CJEU to Issue a New Opinion on the External Competence of the EU

Pietro Franzina is associate professor of international law at the University of Ferrara.

The European Commission has recently asked the Court of Justice of the European Union (CJEU) to render an opinion pursuant to Article 218(11) of the TFEU concerning the Union’s competence to entertain “external” relations in the area of judicial cooperation in civil matters (Opinion 1/13: see the announcement in the Official Journal of 3 August 2013). The proceeding comes almost ten years after the request (then submitted by the Council) that eventually resulted in the Lugano Opinion of 7 February 2006.

The new question reads as follows: “Does the acceptance of the accession of a third country to the Hague Convention of 25 October 1980 on the Civil Aspects of International Child Abduction fall within the exclusive competence of the Union?”.

Although little is known of the background of the request, the latter seems to refer to the proposals presented by the Commission, back in 2011, contemplating the adoption of Council decisions requiring Member States to “deposit simultaneously”, “in the interest of the Union”, a declaration aimed to accept the accession of various States (Gabon, Andorra, Seychelles, the Russian Federation, Albania, Singapore, Morocco and Armenia) to the Hague Child Abduction Convention.
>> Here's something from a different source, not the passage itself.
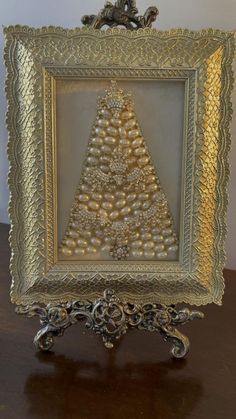 an ornate gold frame with a christmas tree in the center on a wooden table next to a white wall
It is worth recalling that, under Article 38(4) of the Convention, the accession of a State “will have effect only as regards the relations between the acceding State and such Contracting States as will have declared their acceptance of the accession”.
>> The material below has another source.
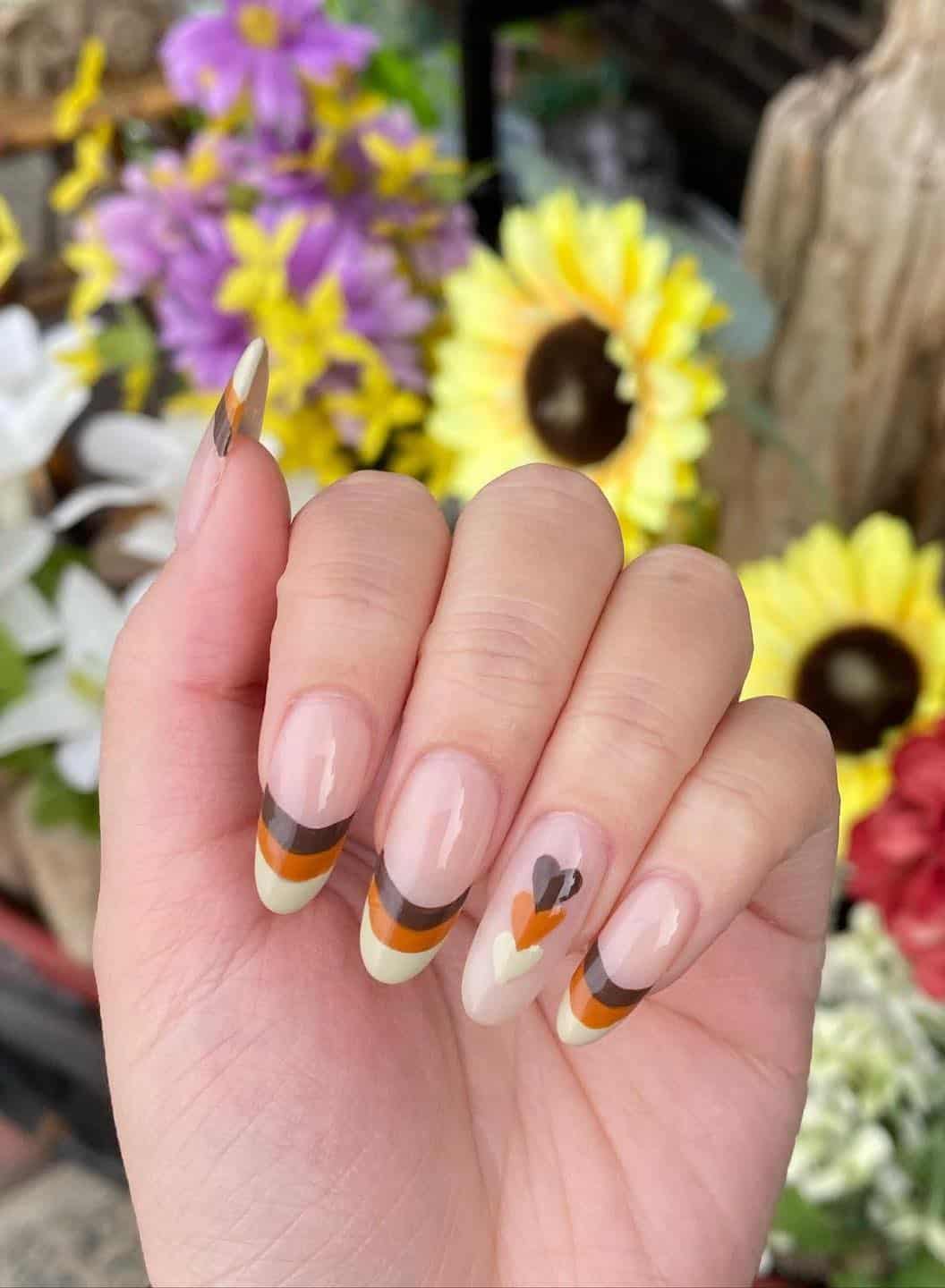 a hand with long round nails painted in cream, burnt orange, and brown French tips with a heart accent nail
In the Commission’s view, as stated in the explanatory memorandum accompanying the proposals mentioned above, international child abduction falls – in consonance with the Lugano Opinion – “into the exclusive external competence of the European Union, because of the  adoption of internal Union legislation by means of Council Regulation (EC) No 2201/2003 of  27 November 2003 concerning jurisdiction and the recognition and enforcement of judgments in matrimonial matters and the matters of parental responsibility”. As a matter of fact, the Regulation “introduces even stricter rules than the 1980 Hague Convention on parental child abduction”, “refers directly to the Hague Convention and upholds its principles in European Union law”.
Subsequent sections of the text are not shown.